Allow enterprise-level controls for commercial licenses
There is a demand to use this software for some proprietary applications, but currently community plugins cannot be disabled, are not reviewed or trusted, and there are no enterprise management features that would allow IT departments to safely restrict which plugins are used. In other words, we don’t have a safe way to use even the pro/paid versions. Obsidian cloud sync is explicitly denied. The absence of these features restricts Obsidian from being considered in many use cases where it would otherwise be incomparably superior to alternatives (OneNote, email correspondance, etc.).
Proposed solution
Please allow commercial licenses to be more easily configured for enterprise use, similar to security features which exist for other software geared towards corporate use (e.g. Microsoft Teams). At minimum, allow restriction/disabling of plugins and cloud sync.
+1 On this – The two main concerns for my organization are plugin restriction (users cannot install unapproved plugins) and identity restriction (users cannot login to sync on non-company accounts).
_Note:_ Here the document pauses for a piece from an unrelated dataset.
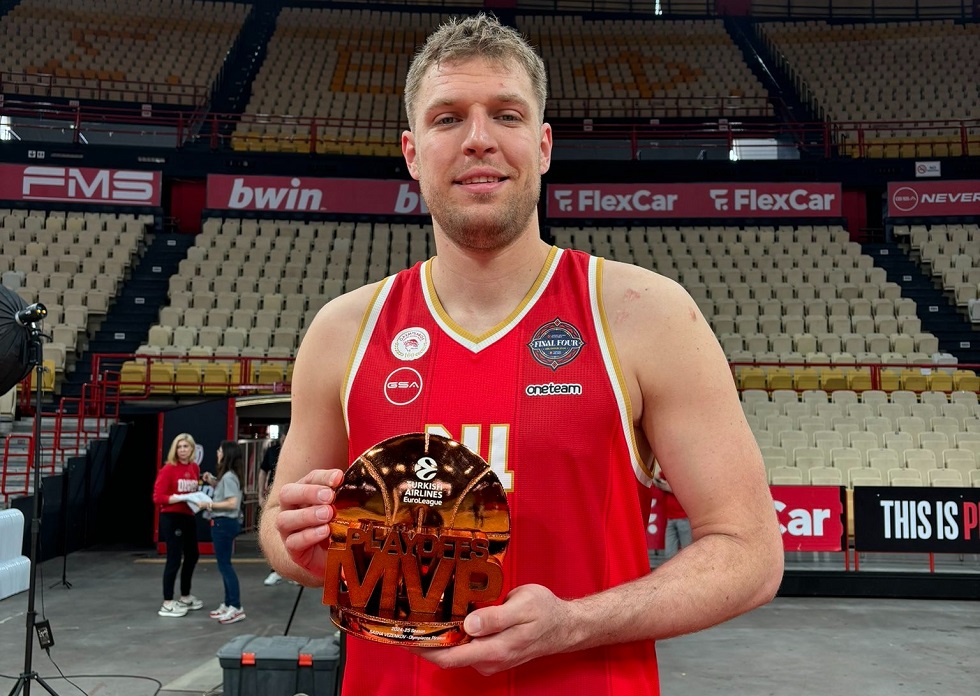 Παρέλαβε το πρώτο βραβείο του MVP των playoffs ο Βεζένκοφ (pic)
Absolutely a required feature at this point. Can’t easily convince a company that is concerned with safety that using this tool will be safe without some form of plugin restriction that can be pushed from an admin portal/account. Perhaps setting it up as whomever has the admin permissions can pull community plugins from the larger pool and put them in a ‘managed plugins’ area. that way the admins can vet and approve what is being requested by their users without exposing potentially sensitive information to unknown sources.
As I discussed in another thread, if you provided some way to white list plugins, then we could take it upon ourselves to do the security assessments for the most popular plugins and allow our users to install them.
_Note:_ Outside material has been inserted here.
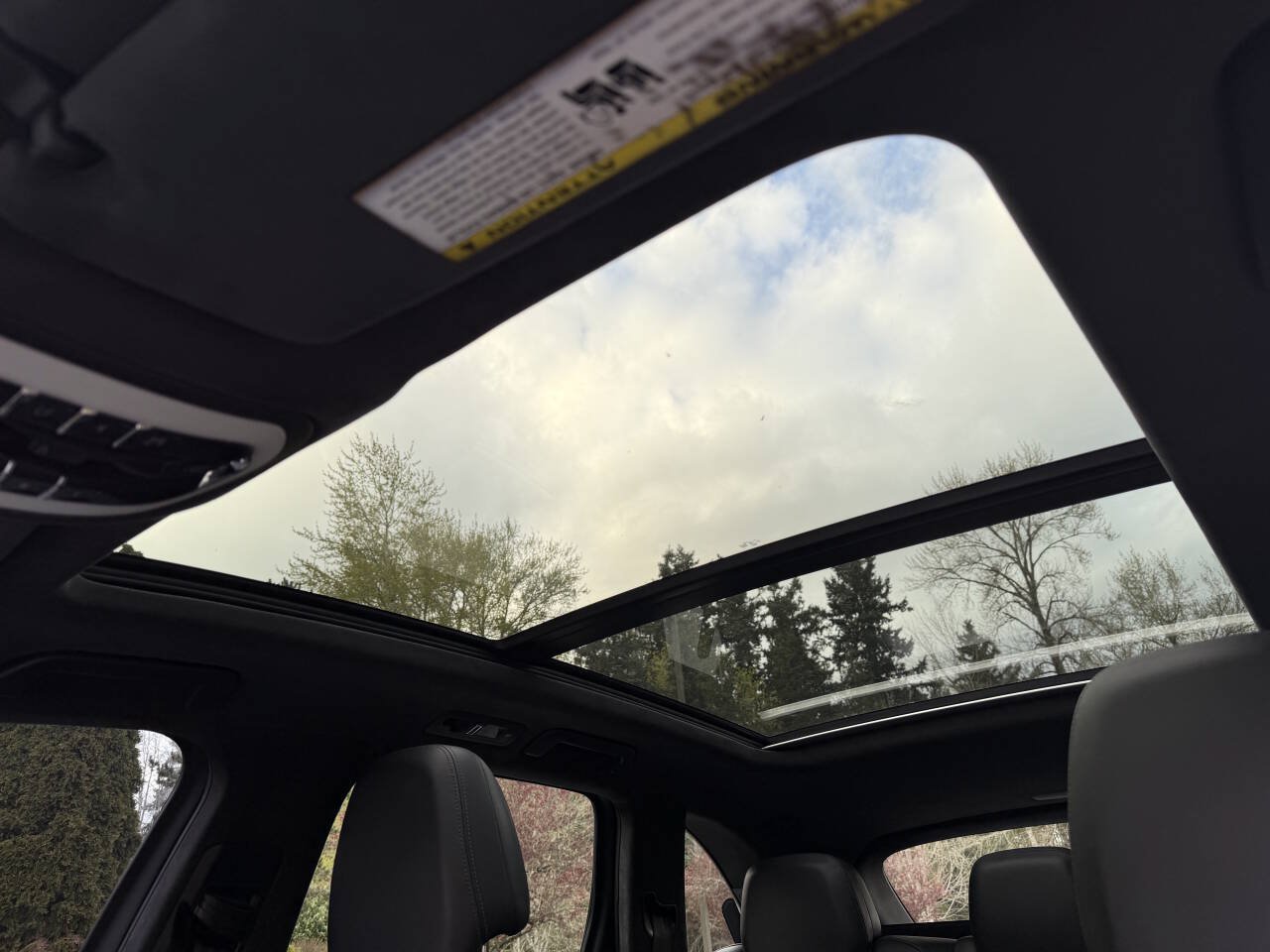 Used 2013 Porsche Cayenne Turbo AWD/4WD image 33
Currently, it’s all or nothing, which forces us to allow nothing.
Although the ease of syncing and publishing are very good features the addition of a way to disable these features using group policy would make it a lot easier to get permission to install in a corporate environment. The only method I have found so far is disabling the sync domains at the firewalls but this may not be acceptable to IT.
Proposed solution
Add a group policy controllable setting that could be used to disable sync and publish on all Obsidian installs (including portable).
This could be extended to include enabling sync to only company mobiles and having similar restrictions available to corporate IT in the mobile app - but this is more of a stretch goal.
Current workaround (optional)
Blocking the sync domains at the company firewalls may be a workaround.